**GIVEN DATA**.
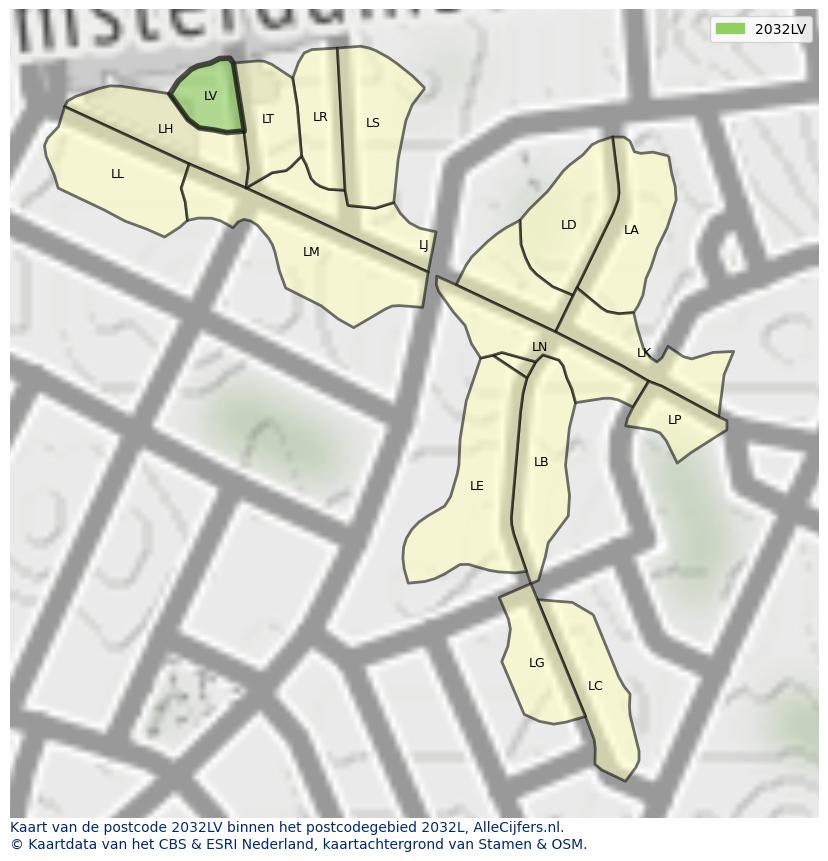 Afbeelding van het postcodegebied 2032 LV op de kaart.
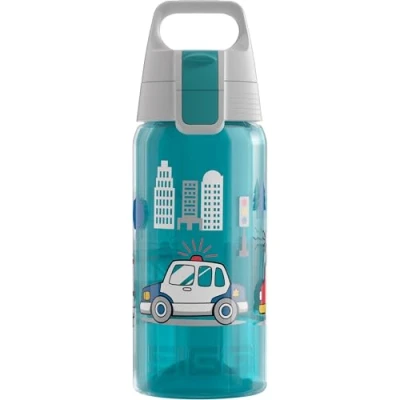 Abbildung von SIGG Trinkflasche Kinder Viva One Police Für Kohlensäurehaltige Getränke Geeignet Auslaufsicher Spülmaschinenfest BPA frei Sport &amp; Schule Blau 0,5L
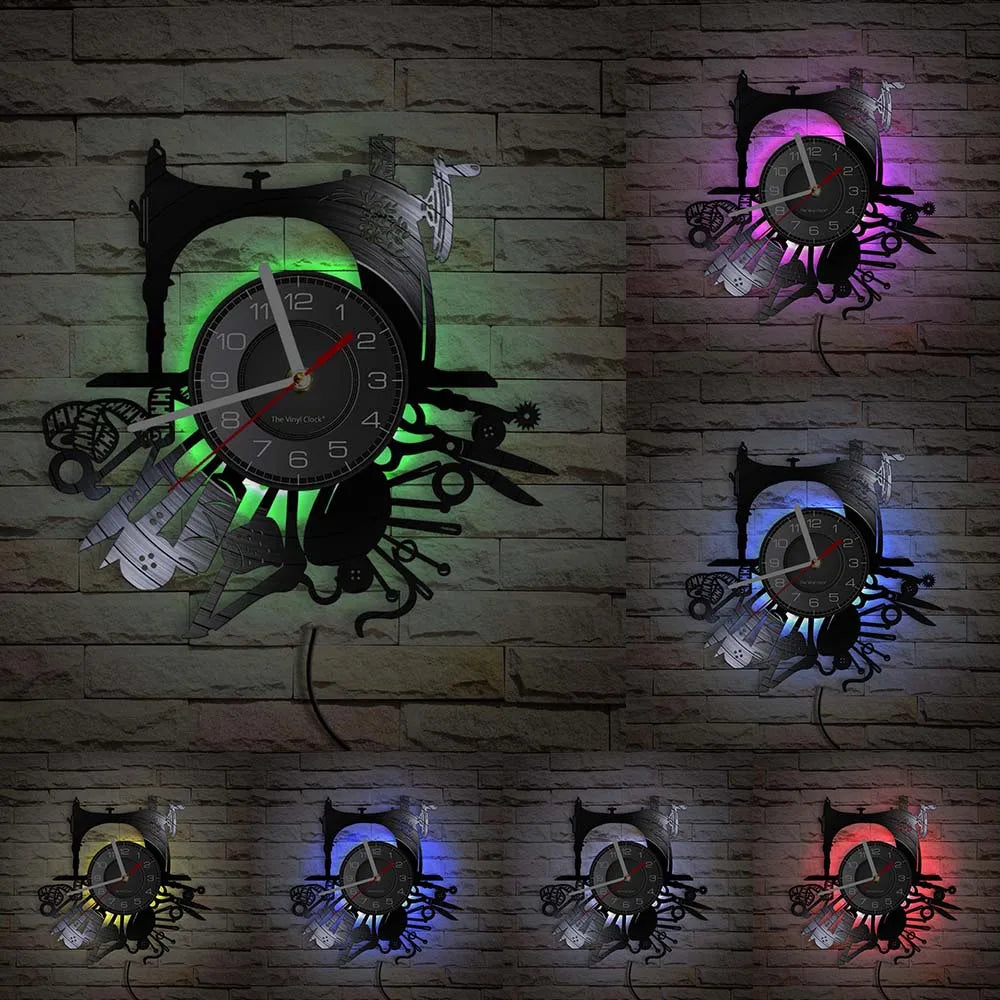 Reloj de pared de máquina de coser Vintage, Vinilo acolchado de disco de arte de pared, decoración de tienda de moda, letrero de pared, Idea de regalo Retro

**GOAL OF THE EXERCISE**.
Reproduce the listing above from the line that contains "Abbildung von SIGG" through its final line, exactly and with nothing added. Omit the images.

**SOLVED PROBLEM**.
 Abbildung von SIGG Trinkflasche Kinder Viva One Police Für Kohlensäurehaltige Getränke Geeignet Auslaufsicher Spülmaschinenfest BPA frei Sport &amp; Schule Blau 0,5L
 Reloj de pared de máquina de coser Vintage, Vinilo acolchado de disco de arte de pared, decoración de tienda de moda, letrero de pared, Idea de regalo Retro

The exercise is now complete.